Carroll v. Western Union Telegraph Co.

35 N.E. 456, 160 Mass. 152, 1893 Mass. LEXIS 29
CourtMassachusetts Supreme Judicial Court
DecidedNovember 28, 1893
StatusPublished
Cited by10 cases

This text of 35 N.E. 456 (Carroll v. Western Union Telegraph Co.) is published on Counsel Stack Legal Research, covering Massachusetts Supreme Judicial Court primary law. Counsel Stack provides free access to over 12 million legal documents including statutes, case law, regulations, and constitutions.

Bluebook
Carroll v. Western Union Telegraph Co., 35 N.E. 456, 160 Mass. 152, 1893 Mass. LEXIS 29 (Mass. 1893).

Opinion

Holmes, J.

This is an action for personal injuries caused by the fall of a telegraph pole upon the plaintiff. The plaintiff and other workmen were engaged in raising the pole. For the purpose of supporting it while partly up they used a tool called a deadman, which was a kind of crutch or pole with a half-moon at the end, presenting its concave edge to the telegraph pole. This broke, whereupon the foreman who was directing the job told the man who held it to throw it away and take a shovel. [153]*153The shovels on hand were long-handled shovels with pointed ends. One of- these was taken, and of course presented a convex instead of a concave edge to the telegraph pole, which forthwith slipped and fell upon the plaintiff.

0. Haggerty ¿* J. H. Kane, (A. J. Bartholomew with them,) for the plaintiff. A. Lord, ( W. A. Gile with him,) for the defendant.

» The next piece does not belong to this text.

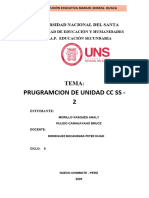 Programación Curricular Anual 2°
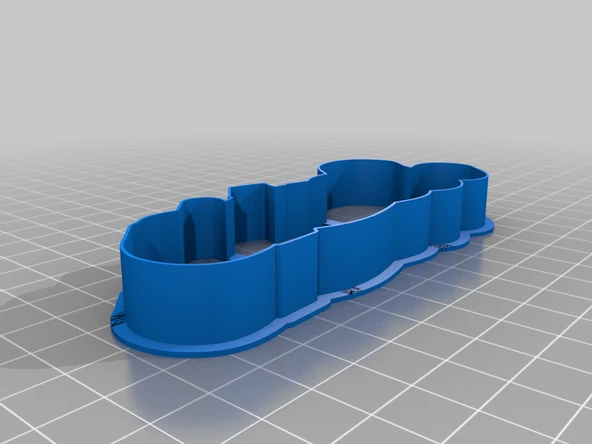 Byr Barbie Logosu Kurabiye kesici (Sadece Plastik Aparattır!!!) 3D - Resim 3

We assume that the plaintiff was a servant pro hac vice of the defendant, but we do not see how the injury can be said to be the result of a failure of the defendant to do the duty of an employer. The immediate cause of the pole’s slipping was the use of a shovel by a fellow servant. We assume that the shovel was not a proper tool for the purpose, but it was not furnished for the purpose by the defendant. The plaintiff, as we understand, contends that his party was reduced to using it by the breaking of the deadman and the absence of other tools, coupled with the fact that the pole was to be raised at that time, and thus that the defendant was responsible for the situation. The short answer' is that there is no evidence that the defendant did not furnish a sufficiency of proper tools at the depot from which those which were used were taken, or within convenient reach, and that, when proper appliances of this sort are furnished by the employer within convenient reach in a case like the present, he has done his whole duty, and is not bound to see that every gang of workmen take as many tools as the event may show to have been desirable. Zeigler v. Day, 123 Mass. 152, 153. Johnson v. Boston Tow-Boat Co. 135 Mass. 209.

Exceptions overruled.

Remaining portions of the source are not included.